# pandas examples

**Dataframes**

In [7]:
import pandas as pd

# Create a sample DataFrame
data = {
    'Name': ['Alice', 'Bob', 'Charlie'],
    'Age': [25, 30, 35],
    'City': ['Brussels', 'Antwerp', 'Ghent']
}

df = pd.DataFrame(data)
df.head()



Unnamed: 0,Name,Age,City
0,Alice,25,Brussels
1,Bob,30,Antwerp
2,Charlie,35,Ghent


**Using df.iterrows()**

In [16]:
# Use iterrows() to loop through each row
for idx, row in df.iterrows():
    # row is a Series, so you access columns by name
    print(f"Index {idx}: {row['Name']} is {row['Age']} years old and lives in {row['City']}")

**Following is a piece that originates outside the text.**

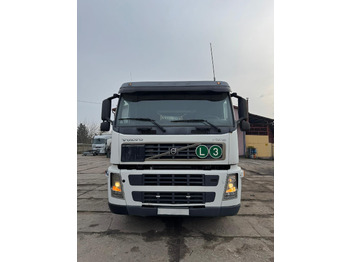 Tankwagen voor het vervoer van brandstoffen VOLVO FM12.380: afbeelding 2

Index 0: Alice is 25 years old and lives in Brussels
Index 1: Bob is 30 years old and lives in Antwerp
Index 2: Charlie is 35 years old and lives in Ghent


 **Using df.itertuples()**

This is generally the fastest, and gives you namedtuples you can access by attribute:

In [18]:
for row in df.itertuples(index=True, name="Row"):
    # row.Index is the original DataFrame index
    # row.Name, row.Age, row.City are the columns
    print(f"Index {row.Index}: {row.Name} is {row.Age} years old and lives in {row.City}")

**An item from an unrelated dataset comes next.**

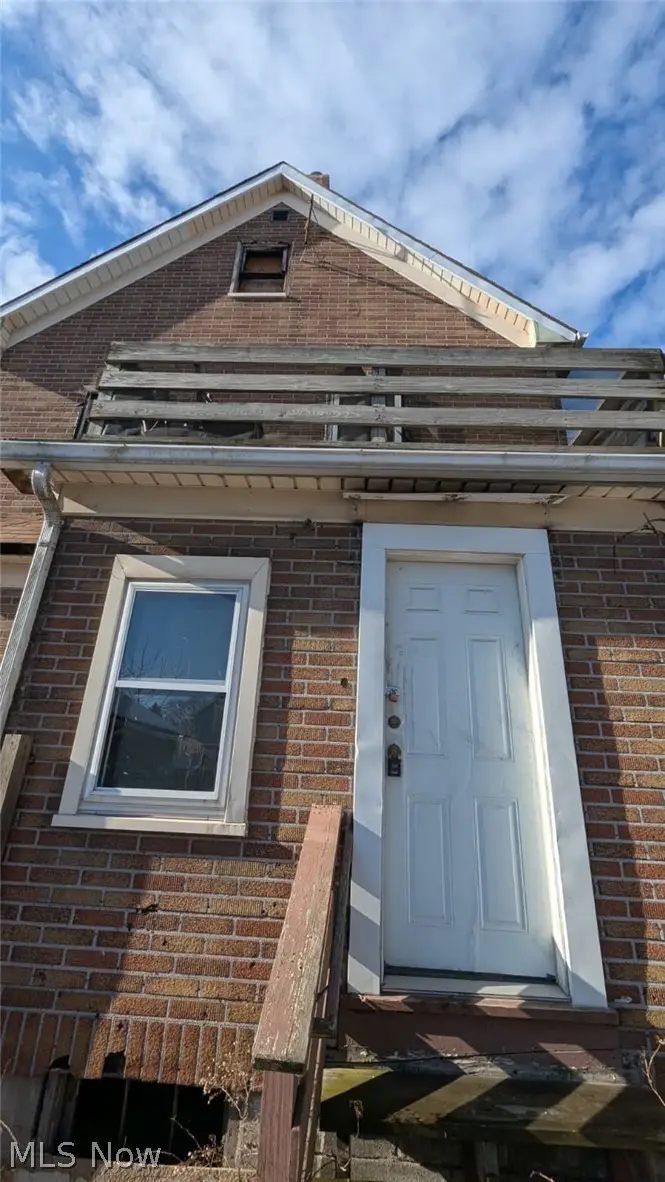 417 Margaret Street, Akron, OH 44306 - #2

Index 0: Alice is 25 years old and lives in Brussels
Index 1: Bob is 30 years old and lives in Antwerp
Index 2: Charlie is 35 years old and lives in Ghent


**Notes on performance**
    
- itertuples() is faster and should be your default if you just need to read values.

- iterrows() converts each row to a Series (slower) but allows more pandas-style operations on row.

**Using enumerate()**

In [26]:
# Example: Using enumerate() with .iterrows()
for i, (index, row) in enumerate(df.iterrows()):
    print(f"Row {i}: {row['Name']} is {row['Age']} years old and lives in {row['City']}")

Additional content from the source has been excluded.